First cell imports the libraries (ensure that the file is located in the same directory as the annotate.ipynb).

# Imports
import os
import matplotlib
import time

# import from own scripts
from utils import clean_directory, create_directory, idt, predict_annotation, create_video, check_idt, extract_frames, evaluate_segmentations

In the second cell, change the base_path = '../data/' to where you have your data (for example base_path = 'C:/Users/Username/Desktop/data'):

# Environment settings
verbose = True
super_verbose = False

# int or None
stop_frame = None # int frame number or None, after which the frame extraction stops to test annotation on short video-clips

# Reduce figure opening, to prevent RAM overload on certain hardware

# data base path
base_path = '../data/'

Define all input and output file names, or leave them as is:

# input filenames: these must correspond to the existing video and gaze files and be placed in the base_path folder
gaze_file = 'gaze_positions.csv'
video_file = 'worldTrim.mp4'

# Include already created idt-file by setting it to: 'fixation_gaze_positions.csv' or None
idt_filename = 'fixation_gaze_positions.csv'

# filenames for files created during the script
fixation_csv_file = 'fixation_gaze_positions.csv'
output_csv_name = 'labeled_data_semSeg_yolo.csv'

# Create folder path locations
output_path = os.path.join(base_path, 'outputs/')
extracted_frames_path = os.path.join(base_path, 'extracted_frames/')
fig_path = os.path.join(output_path, 'saved_frames_semSeg_yolo')

# create necessary directories
create_directory(directory_name=output_path, verbose=verbose)
create_directory(directory_name=extracted_frames_path, verbose=verbose)
create_directory(directory_name=fig_path, verbose=verbose)
Two files are needed to run the code:
  1. Eye Data (A or B)
    • A: Raw Gaze Positions Export File (optional: In case you already have fixations, you can omit this step/file and use the Fixation File): In the sample data folder, this file is named gaze_positions.csv.
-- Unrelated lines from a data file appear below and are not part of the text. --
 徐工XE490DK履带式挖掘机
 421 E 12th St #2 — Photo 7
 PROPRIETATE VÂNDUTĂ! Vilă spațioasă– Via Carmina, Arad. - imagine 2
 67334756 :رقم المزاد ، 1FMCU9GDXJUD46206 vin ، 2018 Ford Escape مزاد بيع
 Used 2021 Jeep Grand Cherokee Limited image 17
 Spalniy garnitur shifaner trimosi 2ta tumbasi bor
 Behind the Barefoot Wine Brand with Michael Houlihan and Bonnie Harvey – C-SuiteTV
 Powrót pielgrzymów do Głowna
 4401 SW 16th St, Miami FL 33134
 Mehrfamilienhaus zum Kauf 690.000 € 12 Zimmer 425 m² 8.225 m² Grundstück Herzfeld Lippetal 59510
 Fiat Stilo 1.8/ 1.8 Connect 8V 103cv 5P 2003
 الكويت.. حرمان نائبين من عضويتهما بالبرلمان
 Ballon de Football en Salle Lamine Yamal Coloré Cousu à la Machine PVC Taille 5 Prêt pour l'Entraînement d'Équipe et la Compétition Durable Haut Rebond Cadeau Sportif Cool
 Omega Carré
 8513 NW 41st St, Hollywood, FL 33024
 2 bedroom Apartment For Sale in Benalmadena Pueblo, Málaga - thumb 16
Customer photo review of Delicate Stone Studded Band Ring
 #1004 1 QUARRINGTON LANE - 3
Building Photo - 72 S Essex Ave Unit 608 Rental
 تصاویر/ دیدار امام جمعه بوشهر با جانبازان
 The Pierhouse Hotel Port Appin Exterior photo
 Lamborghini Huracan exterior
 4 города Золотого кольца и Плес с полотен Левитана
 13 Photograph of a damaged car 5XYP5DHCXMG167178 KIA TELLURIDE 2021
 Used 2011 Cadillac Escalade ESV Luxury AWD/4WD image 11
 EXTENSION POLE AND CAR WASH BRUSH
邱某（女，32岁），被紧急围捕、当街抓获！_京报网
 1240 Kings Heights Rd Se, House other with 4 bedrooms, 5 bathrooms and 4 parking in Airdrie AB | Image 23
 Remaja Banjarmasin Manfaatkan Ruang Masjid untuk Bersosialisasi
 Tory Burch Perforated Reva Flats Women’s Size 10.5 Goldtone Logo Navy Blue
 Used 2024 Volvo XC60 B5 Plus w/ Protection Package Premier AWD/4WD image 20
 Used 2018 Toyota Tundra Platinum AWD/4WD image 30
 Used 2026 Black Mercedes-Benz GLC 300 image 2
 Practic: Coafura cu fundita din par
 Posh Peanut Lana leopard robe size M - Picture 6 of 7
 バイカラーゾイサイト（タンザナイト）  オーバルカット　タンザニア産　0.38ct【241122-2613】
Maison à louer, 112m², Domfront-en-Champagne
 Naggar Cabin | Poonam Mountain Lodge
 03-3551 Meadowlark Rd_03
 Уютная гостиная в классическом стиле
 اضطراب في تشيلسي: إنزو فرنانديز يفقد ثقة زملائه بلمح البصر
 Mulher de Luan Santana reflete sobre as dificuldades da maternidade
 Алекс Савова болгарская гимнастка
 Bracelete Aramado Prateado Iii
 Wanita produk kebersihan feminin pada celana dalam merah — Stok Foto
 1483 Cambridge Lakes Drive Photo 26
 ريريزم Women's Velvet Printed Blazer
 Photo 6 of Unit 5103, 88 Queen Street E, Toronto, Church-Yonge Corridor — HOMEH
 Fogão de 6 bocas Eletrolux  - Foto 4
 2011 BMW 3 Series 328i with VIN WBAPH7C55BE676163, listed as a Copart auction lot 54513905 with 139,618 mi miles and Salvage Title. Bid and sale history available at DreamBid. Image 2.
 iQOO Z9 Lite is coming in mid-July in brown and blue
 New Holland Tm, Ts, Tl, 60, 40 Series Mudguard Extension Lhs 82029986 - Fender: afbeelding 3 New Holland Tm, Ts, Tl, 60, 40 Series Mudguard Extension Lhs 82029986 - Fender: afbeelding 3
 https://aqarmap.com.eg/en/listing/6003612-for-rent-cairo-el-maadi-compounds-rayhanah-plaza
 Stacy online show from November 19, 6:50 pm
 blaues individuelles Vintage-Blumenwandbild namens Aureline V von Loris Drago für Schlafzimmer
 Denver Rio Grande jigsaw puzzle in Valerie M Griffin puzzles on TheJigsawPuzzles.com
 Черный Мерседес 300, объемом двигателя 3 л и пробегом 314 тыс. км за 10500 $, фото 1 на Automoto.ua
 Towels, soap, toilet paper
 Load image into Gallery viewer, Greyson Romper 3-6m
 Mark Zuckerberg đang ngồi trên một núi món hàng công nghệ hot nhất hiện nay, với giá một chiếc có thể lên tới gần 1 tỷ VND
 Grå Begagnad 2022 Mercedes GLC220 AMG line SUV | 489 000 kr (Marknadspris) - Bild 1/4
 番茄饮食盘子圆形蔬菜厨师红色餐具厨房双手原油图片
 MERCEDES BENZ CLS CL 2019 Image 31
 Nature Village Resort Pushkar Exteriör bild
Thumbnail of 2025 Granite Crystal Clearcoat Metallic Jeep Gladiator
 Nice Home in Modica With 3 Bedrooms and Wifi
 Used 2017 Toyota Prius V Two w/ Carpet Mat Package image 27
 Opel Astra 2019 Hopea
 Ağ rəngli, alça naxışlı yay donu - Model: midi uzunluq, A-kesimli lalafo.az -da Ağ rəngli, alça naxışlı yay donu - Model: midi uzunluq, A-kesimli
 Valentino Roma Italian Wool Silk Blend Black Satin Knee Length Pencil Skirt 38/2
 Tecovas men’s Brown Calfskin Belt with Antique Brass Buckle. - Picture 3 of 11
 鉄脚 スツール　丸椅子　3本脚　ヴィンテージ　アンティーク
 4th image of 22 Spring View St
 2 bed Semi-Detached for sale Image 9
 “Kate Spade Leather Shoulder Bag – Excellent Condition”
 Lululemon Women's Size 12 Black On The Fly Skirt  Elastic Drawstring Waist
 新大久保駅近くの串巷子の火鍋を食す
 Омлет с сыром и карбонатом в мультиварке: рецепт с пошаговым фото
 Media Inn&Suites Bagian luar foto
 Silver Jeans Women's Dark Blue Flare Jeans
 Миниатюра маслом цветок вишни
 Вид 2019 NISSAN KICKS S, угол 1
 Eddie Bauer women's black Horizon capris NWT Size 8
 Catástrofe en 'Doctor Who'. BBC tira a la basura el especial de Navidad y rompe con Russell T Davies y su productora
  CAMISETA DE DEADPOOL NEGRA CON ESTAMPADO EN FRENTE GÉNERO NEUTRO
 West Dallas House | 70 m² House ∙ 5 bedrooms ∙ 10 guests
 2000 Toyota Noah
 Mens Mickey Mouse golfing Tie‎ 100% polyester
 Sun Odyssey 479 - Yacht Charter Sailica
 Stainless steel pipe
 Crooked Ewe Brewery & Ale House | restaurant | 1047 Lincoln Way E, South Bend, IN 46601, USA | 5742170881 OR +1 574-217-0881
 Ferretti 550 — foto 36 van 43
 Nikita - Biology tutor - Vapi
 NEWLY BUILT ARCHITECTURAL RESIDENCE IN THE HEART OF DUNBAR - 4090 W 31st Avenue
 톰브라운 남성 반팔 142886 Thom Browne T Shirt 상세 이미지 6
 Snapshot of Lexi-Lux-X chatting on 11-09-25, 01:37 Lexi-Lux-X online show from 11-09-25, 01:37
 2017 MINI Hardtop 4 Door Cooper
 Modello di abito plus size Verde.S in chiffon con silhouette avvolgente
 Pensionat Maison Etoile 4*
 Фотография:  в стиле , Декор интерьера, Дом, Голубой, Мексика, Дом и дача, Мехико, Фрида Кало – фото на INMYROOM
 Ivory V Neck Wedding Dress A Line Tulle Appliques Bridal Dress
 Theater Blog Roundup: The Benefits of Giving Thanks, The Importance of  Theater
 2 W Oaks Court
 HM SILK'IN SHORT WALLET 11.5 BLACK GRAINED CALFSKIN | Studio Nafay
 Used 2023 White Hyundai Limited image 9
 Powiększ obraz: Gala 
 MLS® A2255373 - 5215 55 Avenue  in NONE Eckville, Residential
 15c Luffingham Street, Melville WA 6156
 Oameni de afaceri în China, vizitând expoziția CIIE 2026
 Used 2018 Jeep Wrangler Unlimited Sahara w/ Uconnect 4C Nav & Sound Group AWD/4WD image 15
It should contain the following columns:
      • gaze_timestamp: A float representing the timestamp of the recorded gaze (the start of your recording).
      • world_index: The frame number from the scene camera to which this gaze point belongs.
      • norm_pos_x, norm_pos_y: The normalized x and y coordinates of the gaze with respect to the frame size.
    • B: Fixation File (In case you already have fixations, otherwise use A): If you have already computed the fixations or have an exported fixation file from your eye-tracker, you can use it as fixation_gaze_positions.csv for the annotation. In this case the file should contain the following columns (If not, this file will be created as part of the pipeline using the IDT algorithm):
      • world_index: is the frame index of the detected fixation
      • x_mean: X coordinate of the fixation (normalized between 0 and 1 based on the frame dimensions)
      • y_mean: Y coordinate of the fixation (normalized between 0 and 1 based on the frame dimensions)
  2. Scene Video Recording (mandatory): In the sample data folder, this file is named worldTrim.mp4.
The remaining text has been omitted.